Press release from Business Wire
Schlumberger-Smith Merger Receives Unconditional Clearance from U.S. Department of Justice
Tuesday, July 27, 2010
Schlumberger-Smith Merger Receives Unconditional Clearance from U.S. Department of Justice12:57 EDT Tuesday, July 27, 2010
HOUSTON (Business Wire) -- Schlumberger Ltd (NYSE: SLB) and Smith International, Inc. (NYSE: SII)
jointly announced today that the U.S. Department of Justice has cleared
their proposed merger without any conditions, granting early termination
of the waiting period required by the Hart-Scott-Rodino Antitrust
Improvements Act of 1976 with respect to the proposed merger. As
announced yesterday, the European Commission cleared the proposed merger
under the EC Merger Regulation on July 26, 2010 without any conditions.
The closing of the proposed merger remains subject to approval by Smith
stockholders and the satisfaction or waiver of the other closing
conditions contained in the merger agreement between the companies. As
previously announced, the 2010 annual meeting of stockholders of Smith
is scheduled for August 24, 2010, at which meeting stockholders of Smith
will consider and vote upon matters including the proposed adoption of
the agreement and plan of merger between Smith and Schlumberger.
Subject to receipt of approval from Smith stockholders, Schlumberger and
Smith expect to close the merger on August 27, 2010. Until that time,
Schlumberger and Smith will continue to operate as separate and
independent companies and continue to serve their respective customers.

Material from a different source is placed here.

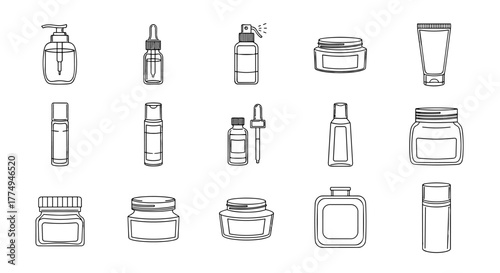 Collection of cosmetic bottles and jars in outline style, perfect for graphic design, web, apps, and advertising. This vector illustration features various containers like pump bottles, droppers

Forward-Looking Statements
This press release includes “forward-looking statements” within the
meaning of Section 27A of the Securities Act of 1933, as amended, and
Section 21E of the Securities Exchange Act of 1934, as amended. The
opinions, forecasts, projections, or other statements other than
statements of historical fact, are forward-looking statements. Neither
Schlumberger nor Smith can give any assurance that such expectations
will prove to be correct. These statements are subject to, among other
things, satisfaction of the closing conditions to the merger, the risk
that the Smith 2010 annual stockholders meeting is cancelled or delayed,
the risk that the contemplated merger does not occur, negative effects
from the pendency of the merger, the ability to successfully integrate
the merged businesses and to realize expected synergies and other risk
factors that are discussed in Schlumberger's and Smith's most recent
Forms 10-K as well as each company's other filings with the SEC
available at the SEC's Internet site (http://www.sec.gov).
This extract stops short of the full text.